El umbandista tiene el torso desnudo, delgado y fibroso. “Urema” leo arriba de su ombligo, una de sus nueve hijos con nombres de indígenas cabloclos. Además le cuelga una cruz en el pecho: “La tengo porque todos creemos en dios, pero igual esta no representa a Jesucristo”. 

La mae Norma de Oxalá viste de blanco, descalza sobre la arena. Se considera hija de Oxalá -Dios de la creación- y tiene su propia interpretación del hecho de ser incorporado por una deidad: “Según tu grado de evolución espiritual será el nivel del trance. Nosotros desarrollamos una mediunidad a través de la cual se hace presente una entidad sagrada. O sea que yo le presto el cuerpo y después no me quedan recuerdos; no nos damos cuenta de nada”. 

La sacerdotisa dice que en Montevideo también existe el candomblé bahiano, pero cada vez menos: “Esa religión es de otras regiones de África, mientras que nuestras creencias vienen –a través de Brasil– desde la nación Nago Yeyé, que corresponde a Nigeria y Angola. Por eso seguimos al santo Anagoyé”. Mientras conversamos la mae acomoda las ofrendas de la barca de su comunidad. Le pregunto si ella también deja cartitas allí: “No, porque nosotros nos contactamos con la madre de otra manera, pero las personas que no cultúan y quieren hacer un pedido vienen acá, incluso católicos”.

LA RELIGIÓN En la cosmovisión umbanda no existen una institucionalización ni jerarquías eclesiásticas o vinculación entre los diferentes centros de culto: mucho menos hay una autoridad máxima. Sus sacerdotes son hombre o mujer por igual. 

La fiesta de Iemanyá comienza el 1 de febrero a la noche, cuando muchos fieles llegan a la playa e instalan carpas con altares: las horas de oscuridad transcurren entre toques de tambor y aguardiente. Pero el día de la gran fiesta es el 2. Si bien las céntricas playas de Ramírez y Buceo son el eje masivo de la celebración, el rito sucede en toda la costa de la Montevideo. Cuando en los ‘90 se inauguró una estatua de Iemanyá en el parque Rodó, Ramírez se hizo muy popular cada 2 de febrero entre los umbandistas. Al día siguiente quedan aquí toneladas de basura –incluso gallos muertos– por las ofrendas que devuelve el río: las gaviotas hacen su festín.

Una barquita simbólica como ofrenda a la sincrética diosa de las aguas.

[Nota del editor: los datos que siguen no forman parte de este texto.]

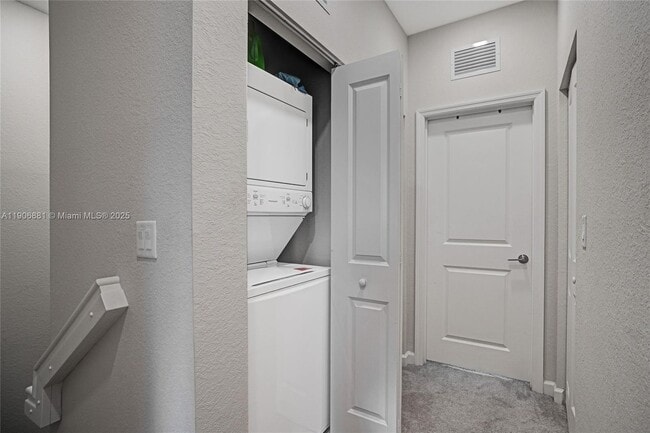 Building Photo - 391 NE 208th Terrace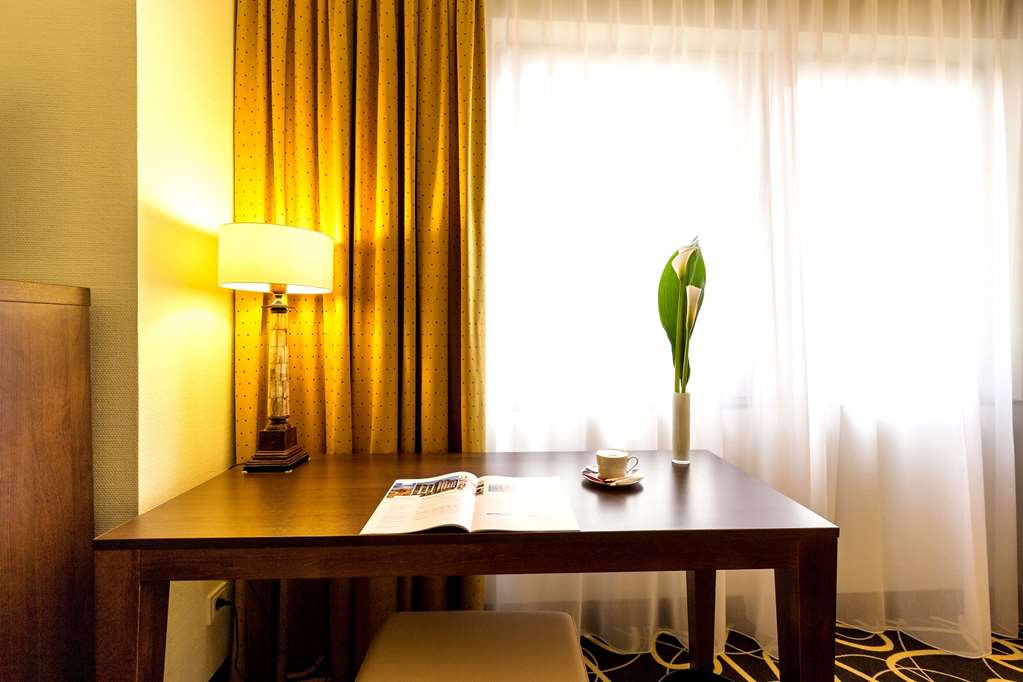 desk in the junior suite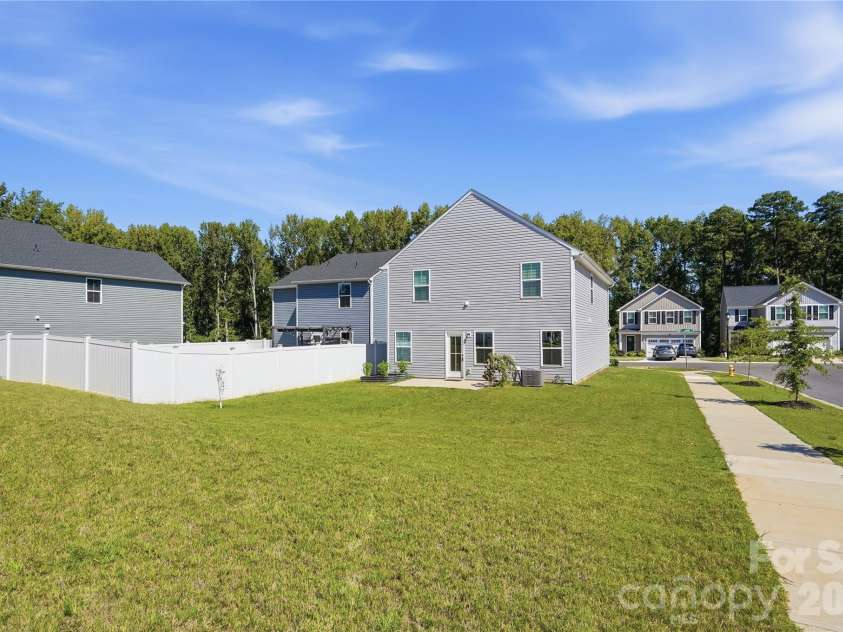 2014 Silver Creek Road, Charlotte, NC 28214.  MLS# CAR4427378, YatesRealty ID 54319. Backyard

AL AGUA La noche transcurre con una fervorosa actividad religiosa entre centenares de cráteres luminosos en la arena, truenos de tambores, baile, “incorporaciones” con trance profundo, pases purificadores e imposiciones de mano, maes y pais ordenando nuevos sacerdotes. 

Miles de curiosos abarrotan la playa. Detrás de la arena, sobre la rambla, se forman rondas de capoeira, esa mezcla de danza acrobática con simulación de combate creada por los esclavos africanos en Brasil. A partir de la medianoche cada comunidad umbanda levanta en hombros su barca entrando de a poco en el agua, con las velas flameando en la cubierta: la fiesta llega al clímax. Suenan las campanitas ceremoniales adjá y las personas se sumergen hasta el cuello antes de soltar la barca, evitando que sea devuelta a la orilla: sería muy mal presagio. Si se hunde, fue aceptada por la diosa, quien a cambio de las ofrendas cumplirá los deseos. 

Mientras miran la barca perderse en el oleaje nocturno, los devotos caminan hacia atrás sin darle nunca la espalda a Iemanyá: cualquier error en la ritualidad conducirá al fracaso.